Can you now fill in the details of the initial proof (by using my hints and avoiding HopfRinow theorem)?
 Every compact metric space is boundedly compact (i.e. every closed and bounded subset is compact) : It is a fact (prove it if you want to) that every closed subset of a compact space is compact. In particular, any closed and bounded subset of a compact space is compact. But this precisely means that the space is boundedly compact.
 Reduction to the case that $X$ is compact : Pick any two points $x,y$ that are joined by a rectifiable curve, say $\gamma$. Assume that $ \mathcal{l} $ is the length of this curve. Consider the ball $ B_{x}(\mathcal{l}) $ centered at $x$ of radius $ \mathcal{l} $. Then its closure is a closed and bounded subset of $X$ which contains $\gamma$ (and, of course, any other shorter curve joining $x$ and $y$). By hypothesis, $B_{x}(\mathcal{l}) $ is compact. Hence it suffices to show existence of a shortest path inside this ball.

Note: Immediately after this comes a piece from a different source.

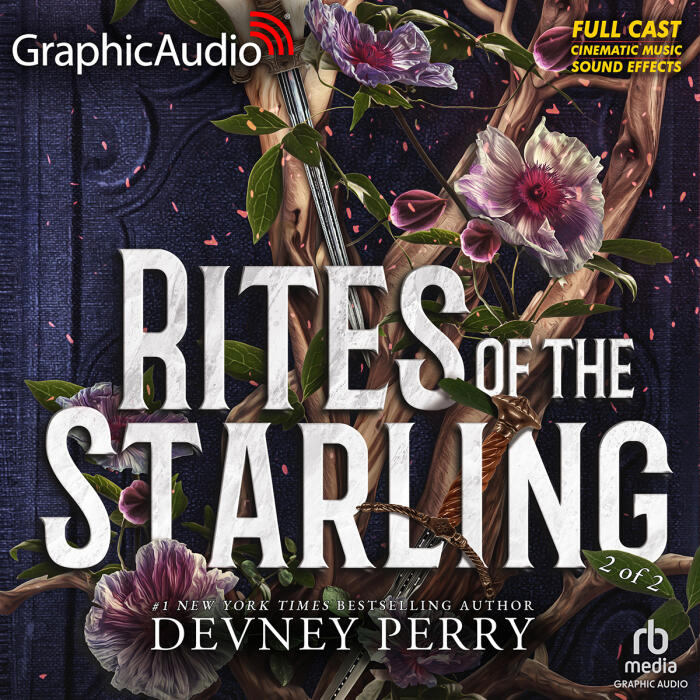Rites of the Starling (Part 2 of 2) [Dramatized Adaptation]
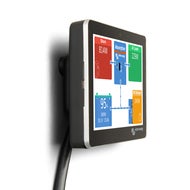 Seinäasennus Victron GX Touch 70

 Every boundedly compact space is complete : Sketch of proof : Consider a Cauchy sequence of elements of $X$. Then it is bounded, so all its terms are contained in some ball. The closure of this ball is compact, by hypothesis. Therefore, the sequence in question has a convergent subsequence, and so the sequence itself converges, as was assumed to be Cauchy.
Can you now fill in the details of the initial proof (by using my hints and avoiding HopfRinow theorem)?